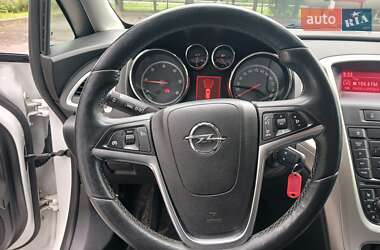 Универсал Opel Astra 2012 в Стрые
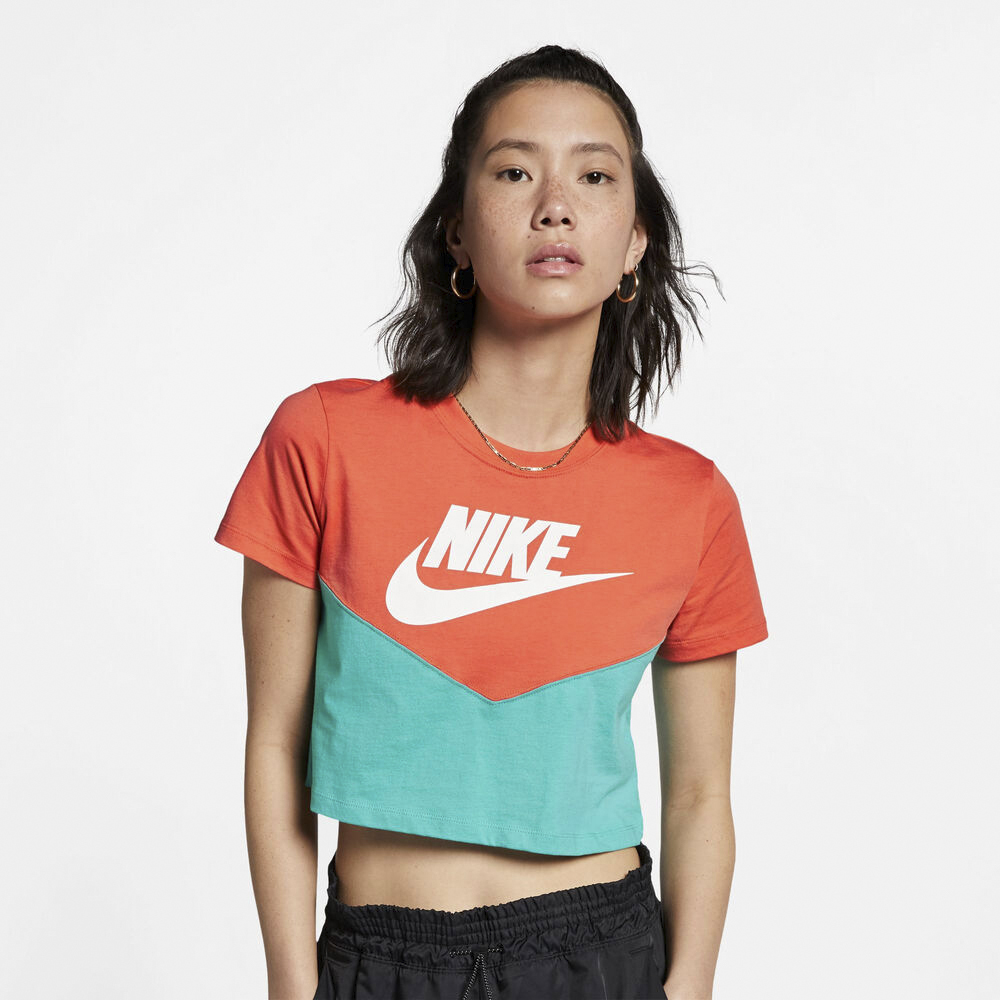 Sportswear Heritage SS Top - Køb til DKK 140 - Spar 44%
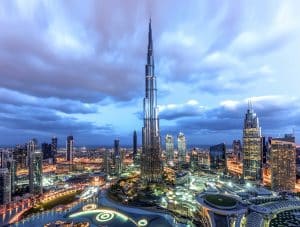Emiratele iluminează Burj Khalifa în culorile drapelului rusesc cu mesajul: Emiratele Arabe Unite susțin Rusia
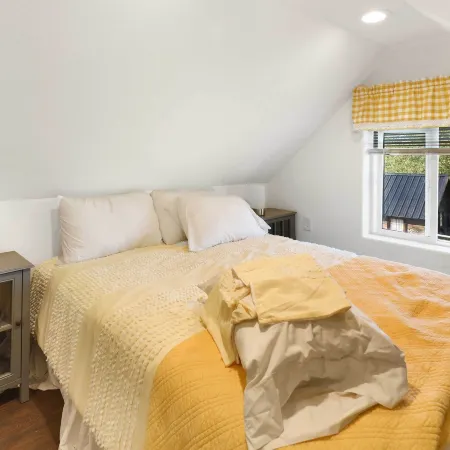 Cozy Ferndale Studio on 20-Acre Working Farm!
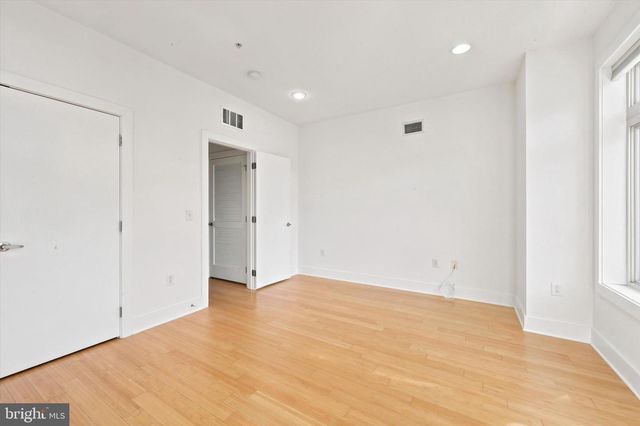 2544 SALMON ST, Philadelphia, PA 19125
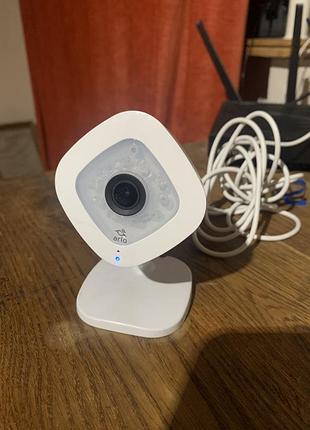 Arlo q vmc3040 — wi-fi камера відеоспостереження 1080p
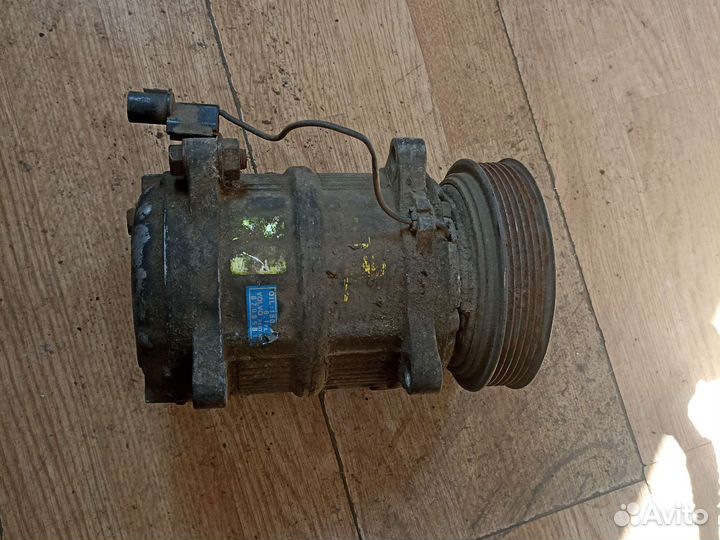 Компрессор кондиционера Volvo S40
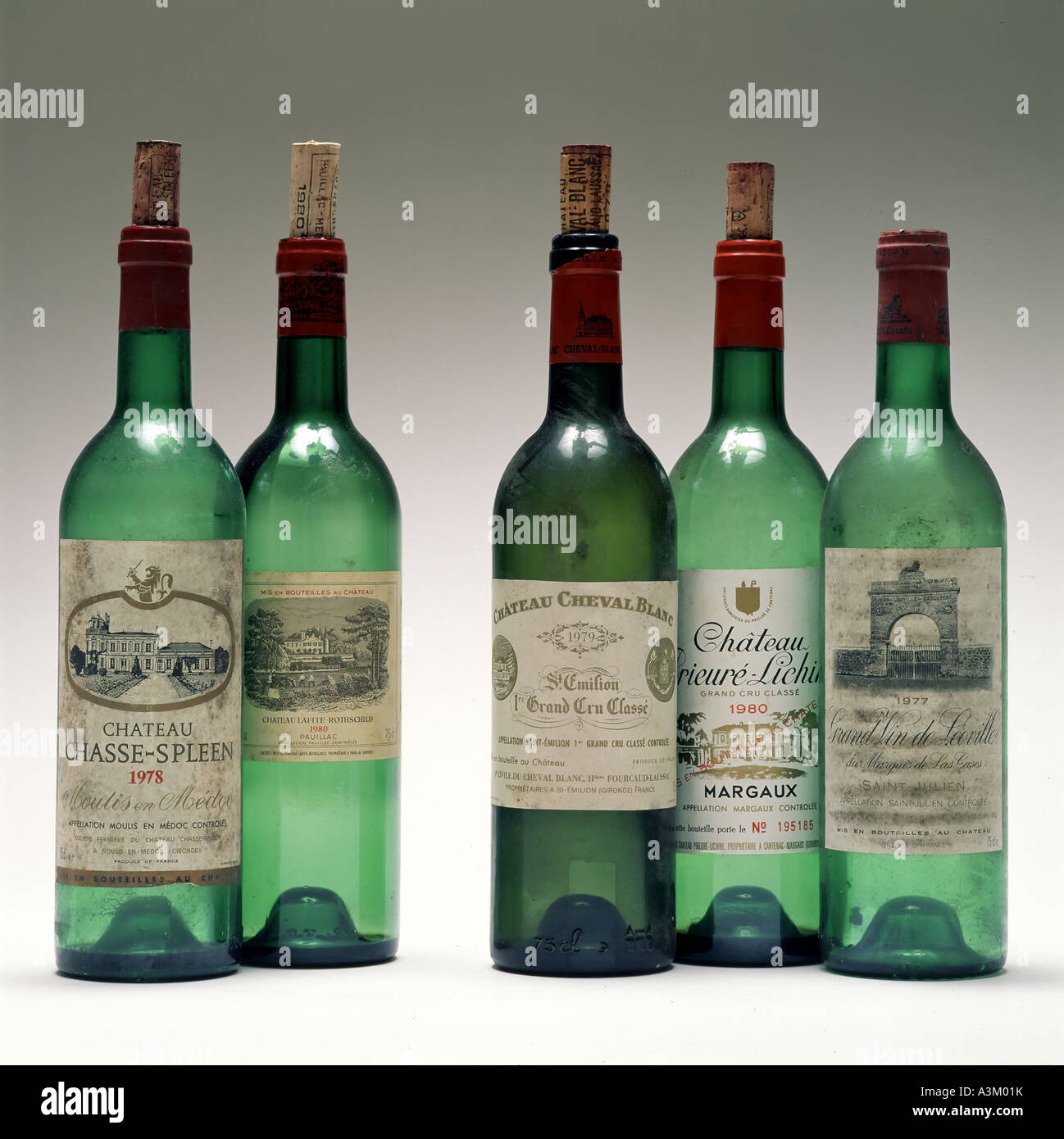 Bottiglie vuote di Bordeaux Grand Cru Classé Annata Vini rossi Foto Stock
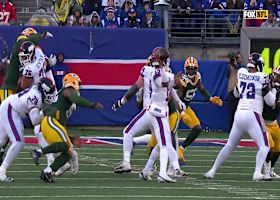 Famous Jameis keeps drive rolling with a big fourth down conversion toss to Hodgins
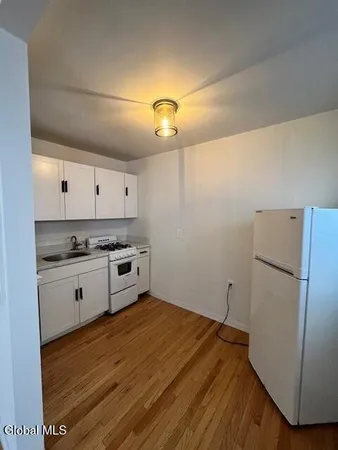 $1,155 | 104 South Ferry Street, Unit B, Schenectady, NY 12305
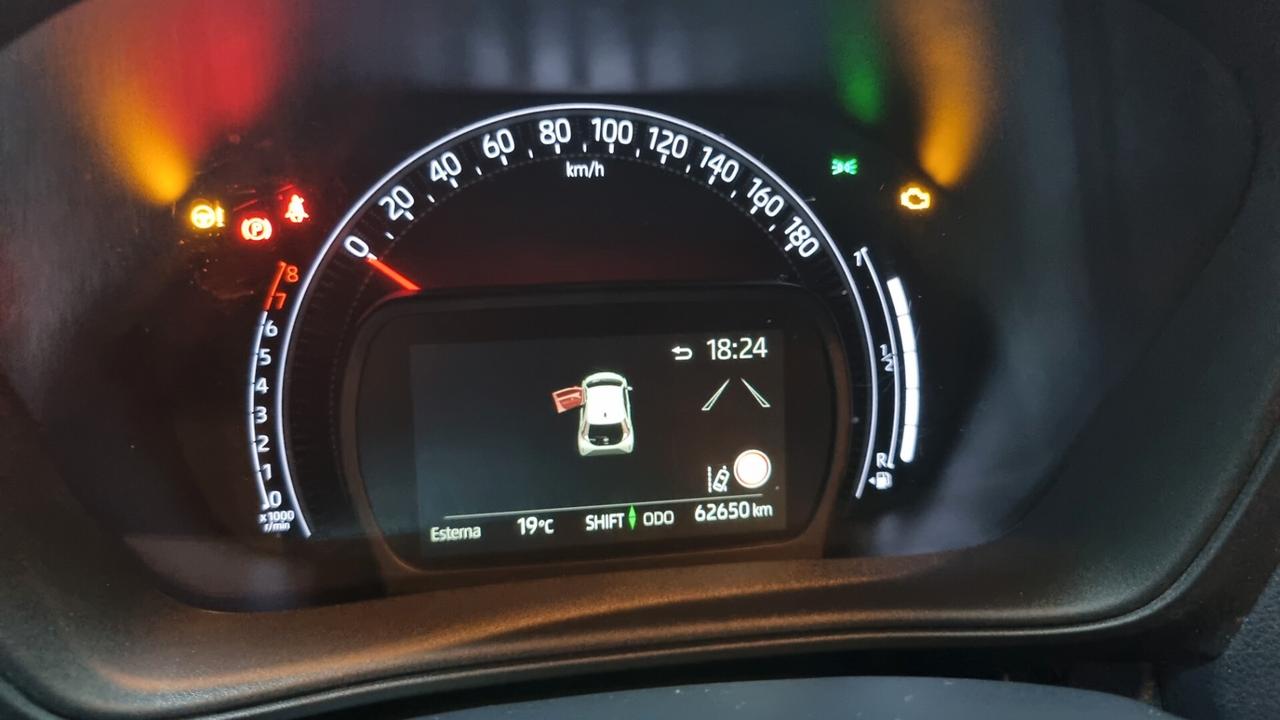 Toyota Aygo Connect 1.0 VVT-i 72 CV 5 porte x-play
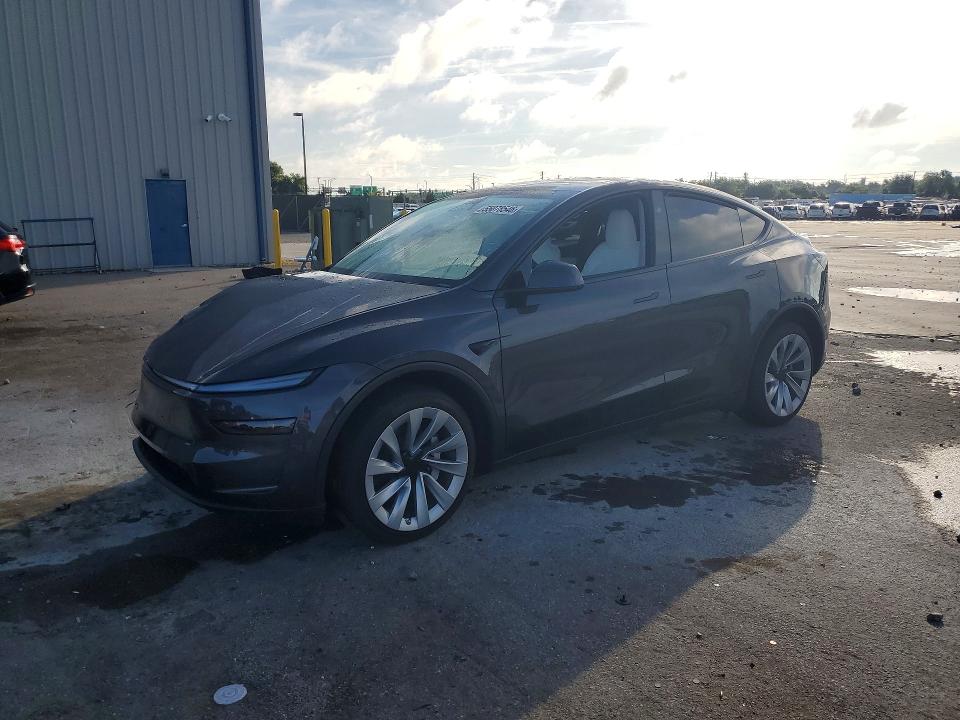 2026 TESLA MODEL Y - 1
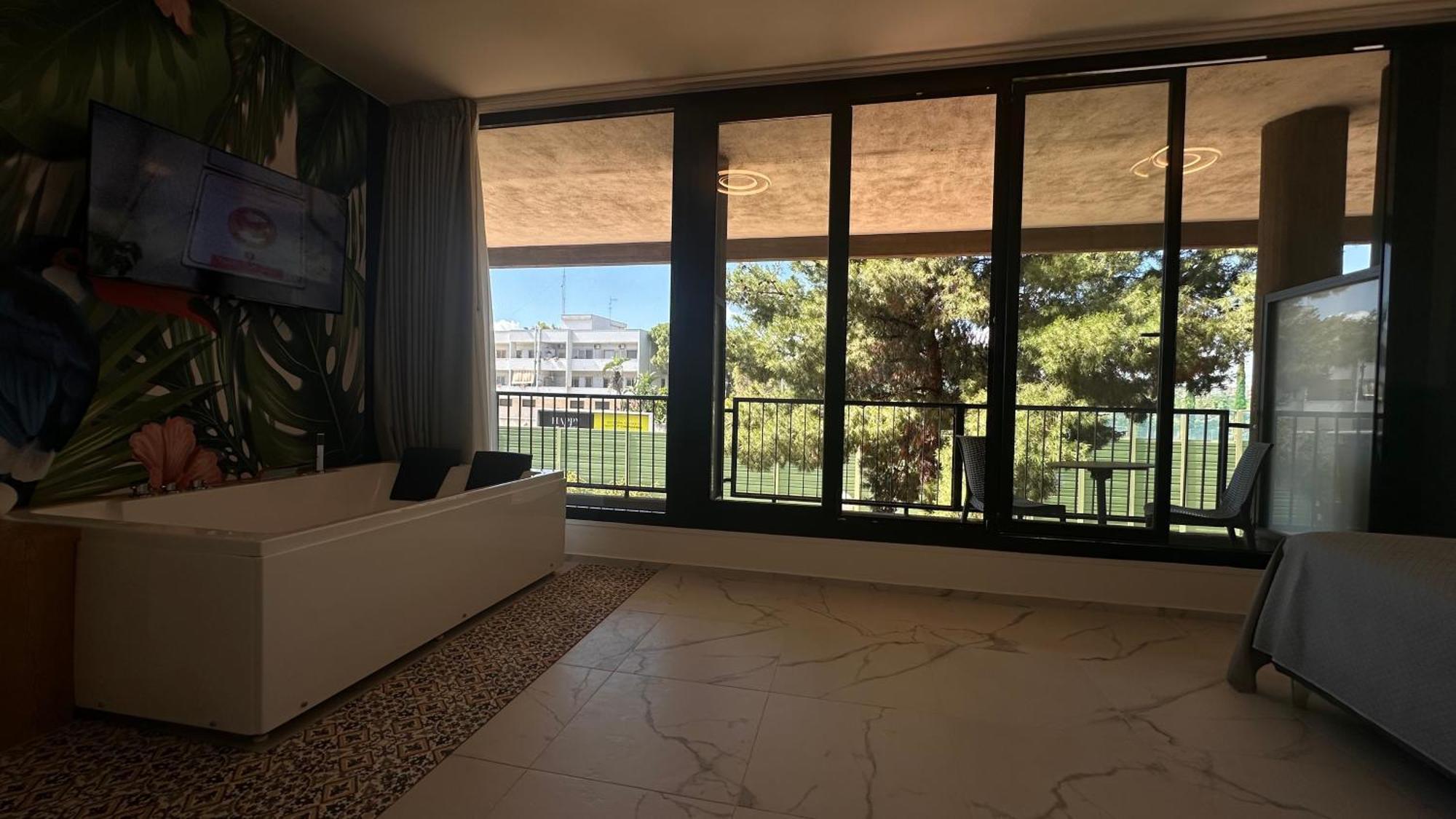 Cconforthotels Puglia Promenade Apartment 5 Bari Eksteriør billede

****************************************

▸ **What you need to do**
Only the lines from the one with "Emiratele iluminează Burj" through the end of the data, both ends included, should be written out exactly, and no pictures should appear.

▸ **Answer below**
Emiratele iluminează Burj Khalifa în culorile drapelului rusesc cu mesajul: Emiratele Arabe Unite susțin Rusia
 Cozy Ferndale Studio on 20-Acre Working Farm!
 2544 SALMON ST, Philadelphia, PA 19125
 Arlo q vmc3040 — wi-fi камера відеоспостереження 1080p
 Компрессор кондиционера Volvo S40
 Bottiglie vuote di Bordeaux Grand Cru Classé Annata Vini rossi Foto Stock
 Famous Jameis keeps drive rolling with a big fourth down conversion toss to Hodgins
 $1,155 | 104 South Ferry Street, Unit B, Schenectady, NY 12305
 Toyota Aygo Connect 1.0 VVT-i 72 CV 5 porte x-play
 2026 TESLA MODEL Y - 1
 Cconforthotels Puglia Promenade Apartment 5 Bari Eksteriør billede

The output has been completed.